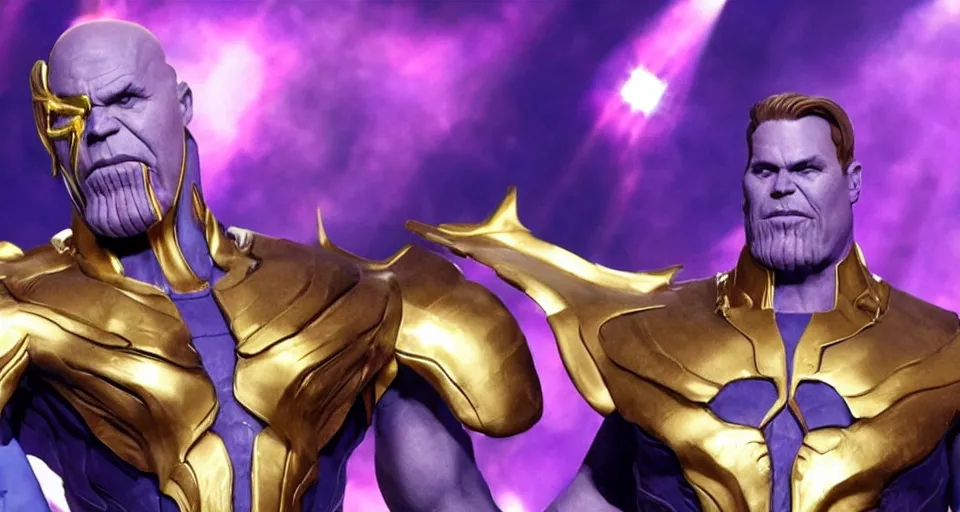 Prompt: thanos performing in the eurovision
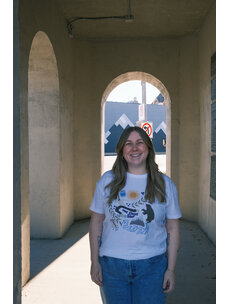 The Choice Shop Ladies Collage Tee | White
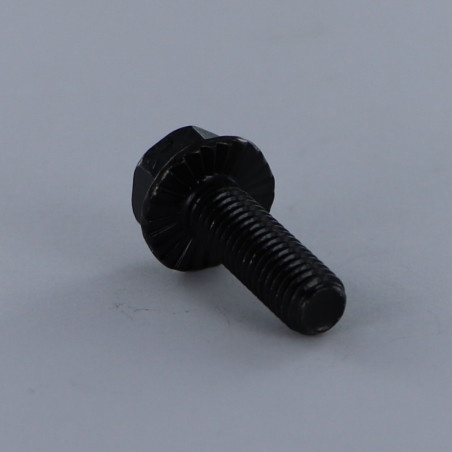 1 x Machine Screw Hexagonal Head M8X20 Flange With Serration Class 8.8 Black Zinc Plated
+++++
=== Activity ===
Retype the listing above exactly, please. Pictures do not belong in the copy.

=== Answer below ===
 Prompt: thanos performing in the eurovision
 The Choice Shop Ladies Collage Tee | White
 1 x Machine Screw Hexagonal Head M8X20 Flange With Serration Class 8.8 Black Zinc Plated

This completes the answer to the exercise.